Segment Open
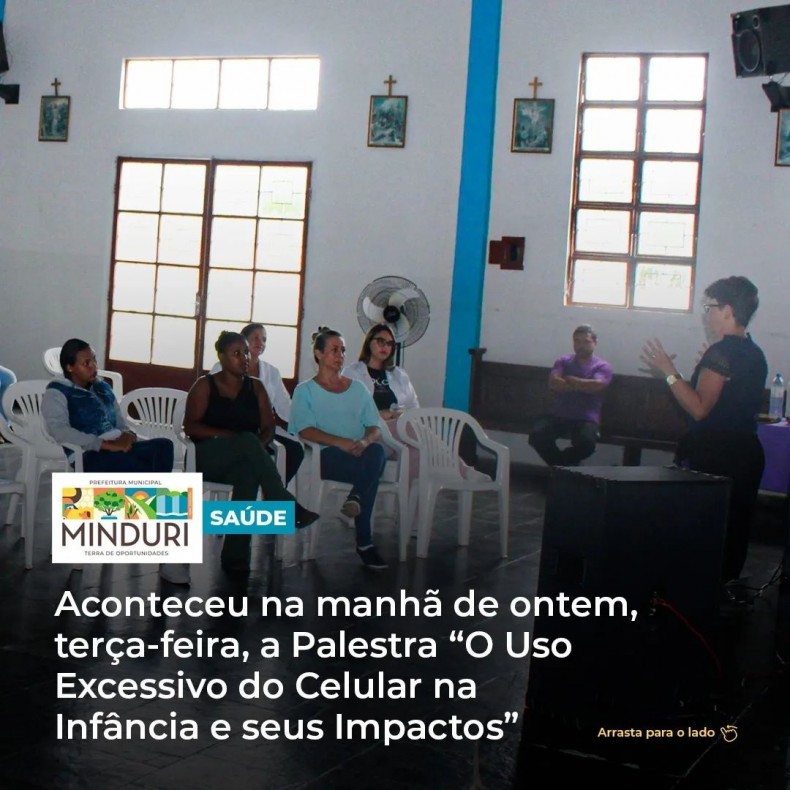 SAÚDE – Aconteceu na manhã de ontem, terça-feira, a Palestra “O Uso Excessivo do Celular na Infância e seus Impactos”.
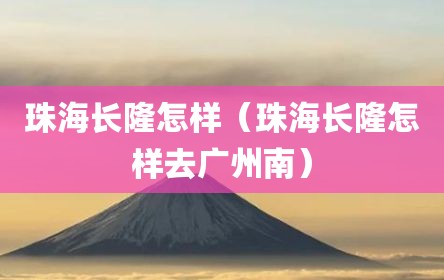 珠海长隆怎样（珠海长隆怎样去广州南）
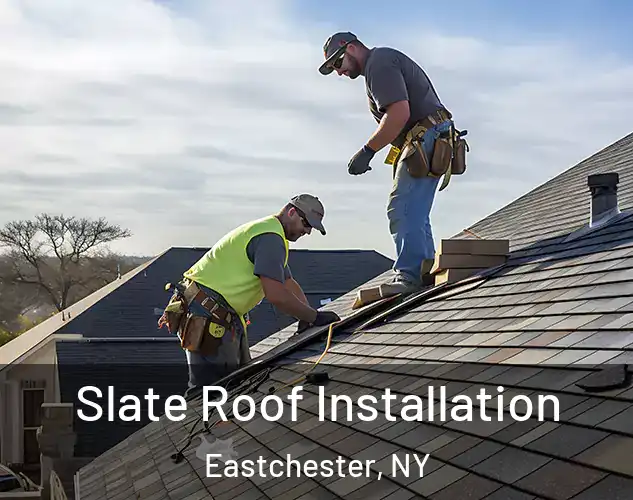 Slate Roof Installation Eastchester, NY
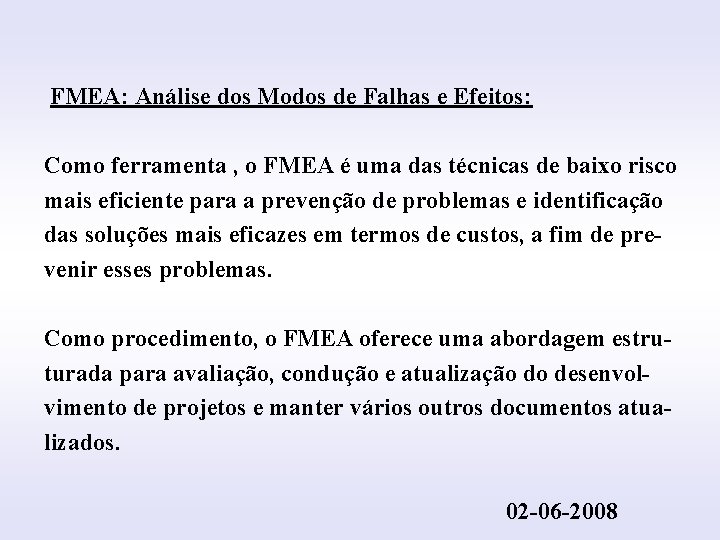 INTRODUÇÃO FMEA: Análise dos Modos de Falhas e Efeitos: Como ferramenta , o FMEA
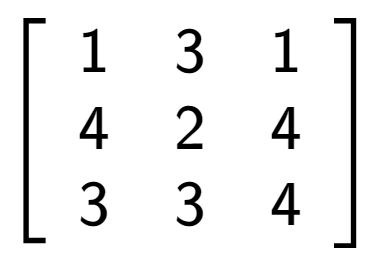 A LaTex expression showing \left[ {\begin{array} {ccc} 1 & 3 & 1 \\ 4 & 2 & 4 \\ 3 & 3 & 4 \end{array} } \right]
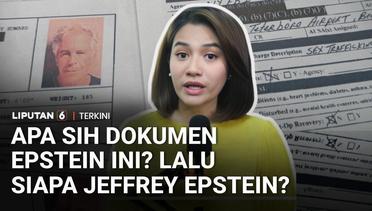 Bagaimana Perjalanan Kasus Jeffrey Epstein ini? Siapa yang Diuntungkan? | Liputan 6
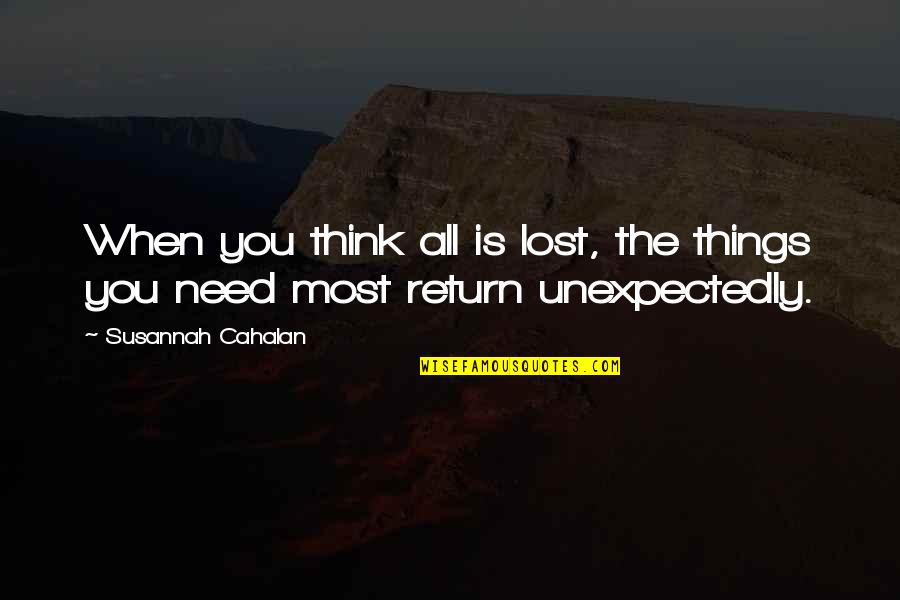 Need You The Most Quotes By Susannah Cahalan: When you think all is lost, the things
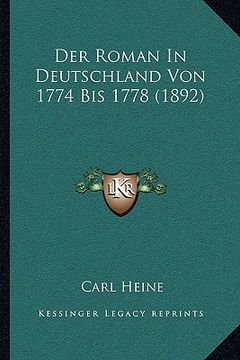 portada Der Roman In Deutschland Von 1774 Bis 1778 (1892) (in German)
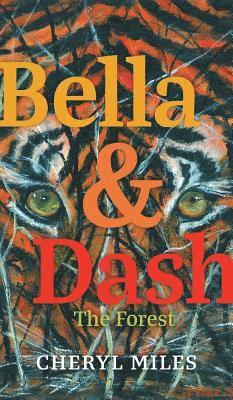 Cheryl Miles - Bella and Dash, Inbunden. Tillgänglighet: Lägg i varukorg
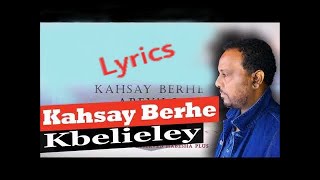 Kahsay Berhe  Kibelieleyeu  Lyrics  Ertreian Music [upl. by Dermott]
Segment Closed
_Task objective_. Take every entry above and transcribe it exactly, with no pictures in the copy.

_Result of the task_.
 SAÚDE – Aconteceu na manhã de ontem, terça-feira, a Palestra “O Uso Excessivo do Celular na Infância e seus Impactos”.
 珠海长隆怎样（珠海长隆怎样去广州南）
 Slate Roof Installation Eastchester, NY
 INTRODUÇÃO FMEA: Análise dos Modos de Falhas e Efeitos: Como ferramenta , o FMEA
 A LaTex expression showing \left[ {\begin{array} {ccc} 1 & 3 & 1 \\ 4 & 2 & 4 \\ 3 & 3 & 4 \end{array} } \right]
 Bagaimana Perjalanan Kasus Jeffrey Epstein ini? Siapa yang Diuntungkan? | Liputan 6
 Need You The Most Quotes By Susannah Cahalan: When you think all is lost, the things
 portada Der Roman In Deutschland Von 1774 Bis 1778 (1892) (in German)
 Cheryl Miles - Bella and Dash, Inbunden. Tillgänglighet: Lägg i varukorg
 Kahsay Berhe  Kibelieleyeu  Lyrics  Ertreian Music [upl. by Dermott]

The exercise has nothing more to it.